Nessa última etapa, ou seja, os que optam pelo esporte de rendimento, exigirá que o aluno se vincule a um clube e se torne federado. Seguindo o princípio de que quanto maior a quantidade melhor para encontrar atletas com qualidade, Valdeci percorre as escolas públicas da Ceilândia a cada início de ano letivo convidando os alunos para se integrarem à prática esportiva.
“O resultado desse convite é sempre muito bom, pois aparecem dezenas de alunos que se interessam pelo handebol”, diz o professor e técnico Valdeci
Destaques
Foi nessa dinâmica que vários alunos de Valdeci começaram a disputar competições nacionais, onde se destacaram e acabaram sendo contratados por clubes de outros estados e até do exterior. “Foi o caso de Mateus Duílio, que atualmente joga por um clube de Portugal. O goleiro William, atualmente no Esporte Clube Pinheiros, também começou aqui em Ceilândia, comigo, nesta quadra”, diz o técnico, orgulhoso de suas crias.

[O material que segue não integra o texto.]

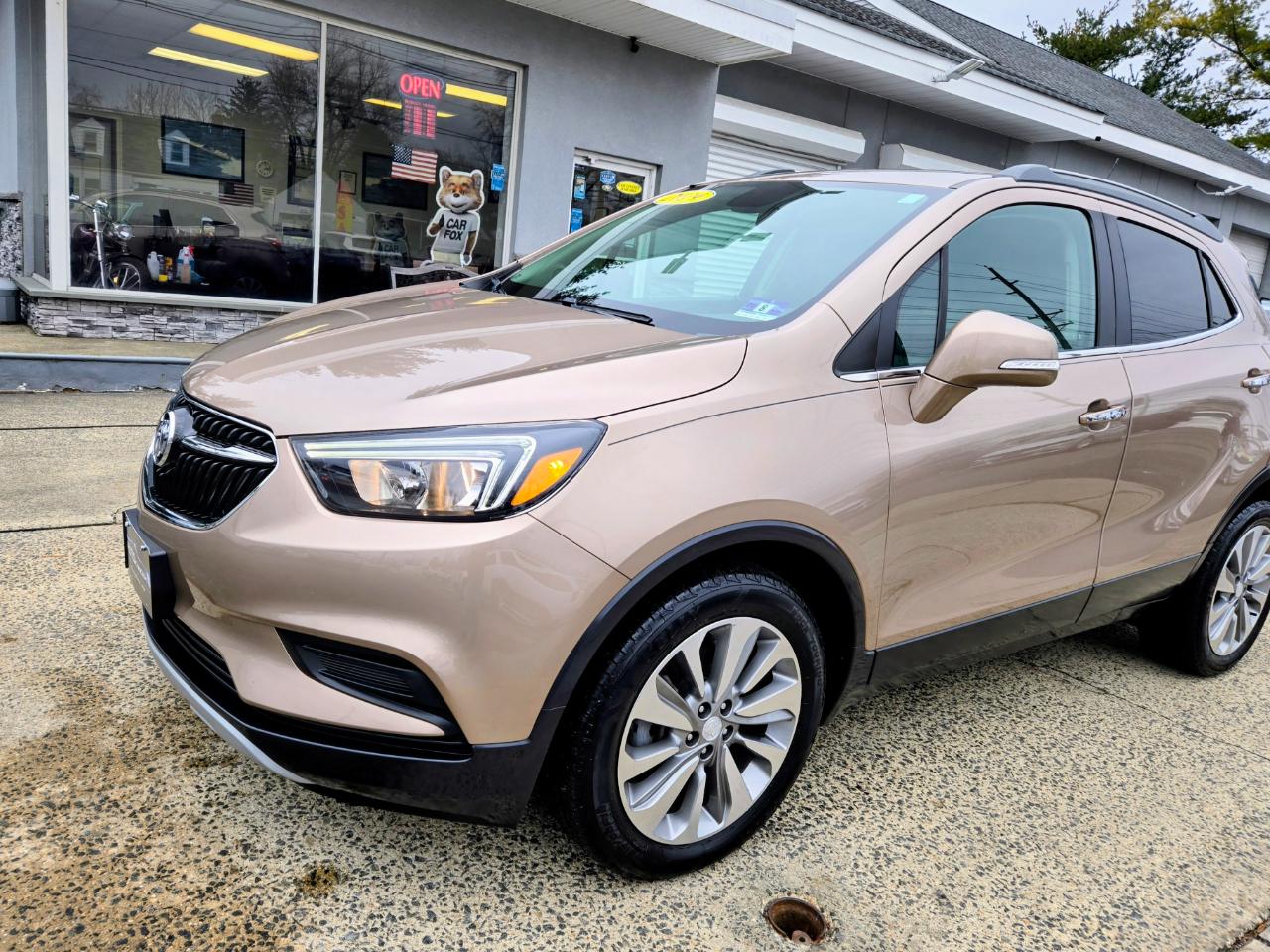Buick Encore Preferred FWD 2019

Entre as mulheres, Yasmin, irmã de Mateus Wiliam, foi contratada pelo São Caetano do Sul (SP); E Ana Carolina Gonçalves, atualmente num time de Criciúma (SC), já disputou dois Campeonatos Mundiais, nas categorias Júnior e Juvenil.
“Quando levamos um time daqui da Ceilândia para disputar uma competição nacional é a oportunidade de os melhores mostrarem suas qualidades. Paralelamente, converso com técnicos de outras cidades, trocamos ideias e informações e é assim que surgem os convites para que os nossos alunos se vinculem a uma agremiação com mais tradição no handebol”, explicou Valdeci, sobre a saída de seus alunos para outros centros.
Surpresa
Enquanto contava sobre a “exportação de talentos” surgidos no CID de Ceilândia, Valdeci foi surpreendido por uma visita. A ex-atleta brasiliense, Marina Sousa Leitão (na foto, com Valdeci), aqui visitando os seus familiares, foi à Quadra Pública da 14, onde aprendeu a jogar handebol, para visitar o seu primeiro Mestre. “Comecei aqui nesta quadra quando tinha 11 anos”, disse ela. Valdeci ficou orgulhoso com a lembrança da ex-aluna, atualmente se recuperando de uma lesão. Aos 29 anos, Marina está há 10 anos jogando por um time de Campo Grande, no /Rio de Janeiro, onde ela aproveita para estudar Educação Física.
“Já joguei em Cascavel, Paraná, por dois anos. Me ofereceram estudo em escola particular, moradia, academia etc. Depois, joguei em outros clubes e atualmente estou no da Universidade Rural, no estado do Rio de Janeiro”, explicou.
Sem parar
Valdeci contou que já tem idade para se aposentar. Porém, está sem planos para quando ficar com mais tempo, sem o compromisso de ir à quadra, prática que ele mantém há 26 anos. “O que vou fazer quando essa rotina terminar? Ainda não tenho planos”, confessa. “E me sinto com muita disposição para continuar a jornada. Por isso, quem quiser me encontrar pode vir aqui, meu recanto de referência”, confessa.
Fora desse espaço, o técnico Valdeci comanda a equipe de handebol do Ceilândia Esporte Clube, tradicional agremiação de futebol da cidade, que também desenvolve projetos nos demais esportes olímpicos.
A entrevista
A entrevista com Valdeci foi uma das pouquíssimas que fizemos fora de um ambiente fechado. No melhor estilo de uma aula prática, Valdeci Moreira Santos recebeu a reportagem com muita disposição e conversou durante mais de uma hora, enquanto orientava o treino de uma animada turma de handebol.
O surpreendente nesse Professor, porém, é a sua disposição para continuar trabalhando, mesmo já tendo idade para se aposentar. Comportamentos assim são excelentes, principalmente para quem lida com o esporte, com jovens e adolescentes. Quem ganha muito com isso, além a valorização da Escola, é a sociedade, que deve ser grata ao exemplo desse verdadeiro Mestre da Educação.
Com certeza – e por mérito – o Professor Valdeci Morais Santos é exemplar na sua tarefa de Mestre, que se tornou técnico, contribuindo, pelo esporte, para a formação do caráter da nossa juventude. Por isso, ele merece integrar a Memória da Cultura e do Esporte em Brasília. Bem-vindo à nossa galeria, Professor.